In its damage-control attempt, the company claims it was a simple oversight. "We are sensitive to any complaint that a product we carry would cause discomfort to any segment of our membership," said Costco CEO Jim Sinegal in an official press release. "As soon as it became clear to us that this toy item was offensive to some of our members, we decided to remove it from our warehouses. We don't believe there is room for argument in matters of this type, even though it was an honest mistake, made while we were attempting to do the right thing."
What was the right thing Costco was attempting to do? The Lil' Monkey doll has a White counterpart cuddling a panda. Her name is "Pretty Panda."
What’s worse than Costco selling a doll many of its Black customers find insulting is the fact that the company’s decision comes off as completely thoughtless and provocative.
The association of Black people with monkeys, apes and gorillas over the years – sometimes subtle, other times bold – has been widespread and frequent. You can find examples everywhere: in pop culture, the media, our collective imagination and in many corners of art and the academy. Any pairing of the two immediately arouses racist suspicion or discomfort. So Costco's explanation defending its decision appears disingenuous at best and dishonest at worst to its Black customers.
Black children ingest critical perceptions of race in their formative years. One of the most-quoted research findings on race is psychologist Kenneth Clark’s 1954 study that proved an overwhelming number of his subjects – all Black children – chose White dolls over Black dolls when asked which they preferred. The study’s findings were used to help argue Thurgood Marshall’s landmark Brown v. Board of Education Supreme Court case. Looking past this oft-repeated truism and not recognizing the potential psychological damage a doll like this could affect makes Costco appear even more clueless.

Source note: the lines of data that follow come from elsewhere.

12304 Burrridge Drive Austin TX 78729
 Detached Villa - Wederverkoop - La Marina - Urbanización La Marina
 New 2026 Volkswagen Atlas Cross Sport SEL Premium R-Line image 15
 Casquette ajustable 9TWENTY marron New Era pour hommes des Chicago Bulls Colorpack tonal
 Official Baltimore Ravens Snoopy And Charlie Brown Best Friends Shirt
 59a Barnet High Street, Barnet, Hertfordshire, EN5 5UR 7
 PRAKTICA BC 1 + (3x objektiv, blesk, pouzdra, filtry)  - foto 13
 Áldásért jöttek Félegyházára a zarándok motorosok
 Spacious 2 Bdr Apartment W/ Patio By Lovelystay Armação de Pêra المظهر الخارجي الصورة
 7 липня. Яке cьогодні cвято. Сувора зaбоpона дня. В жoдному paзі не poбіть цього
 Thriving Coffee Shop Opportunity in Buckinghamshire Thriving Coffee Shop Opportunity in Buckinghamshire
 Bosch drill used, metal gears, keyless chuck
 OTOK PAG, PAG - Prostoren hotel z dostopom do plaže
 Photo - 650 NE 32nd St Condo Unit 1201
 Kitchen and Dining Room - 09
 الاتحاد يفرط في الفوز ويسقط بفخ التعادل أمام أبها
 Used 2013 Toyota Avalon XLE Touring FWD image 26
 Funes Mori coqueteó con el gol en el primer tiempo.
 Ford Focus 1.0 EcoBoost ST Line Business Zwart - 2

Only about a month ago, during the Gates-Crowley-Obama drama, the whole country was embroiled in a conversation about race. One hot topic was the Boston cop who in an e-mail described Harvard professor Henry Louis Gates as a “banana-eating jungle monkey.” That story was followed by a number of commentaries detailing the racist history of equating Black people to primates. Did Costco miss out on this conversation, too?
"In order to make this into yet another "teachable moment," let's ask ourselves this question: Why didn't someone notice that it might be offensive to refer to a Black baby as a "lil' monkey?" Syracuse University professor Boyce Watkins suggests, “One possibility is that the company does not truly embrace diversity in its management ranks, leading to incredibly flawed and insensitive upper level decisions. So, the individuals deciding how to produce, market, finance and distribute this product could be, as with many corporations, completely ignorant about how to do business with other ethnic groups.”
As messed up as that is, let’s hope this is the case.
But even if it is, Costco still has some making up to do with its Black customers. From all indications, this controversy won’t just simmer down as many cases like this do. As more e-mail forwards land in more customers’ inboxes so grows the disappointment with the popular retailer. There is no organized campaign around the “Lil Monkey” yet, but dissatisfaction with the company is high and growing. Costco’s half-hearted apology has not connected with Black customers still scratching their heads trying to figure out how an error like this could happen in America in 2009.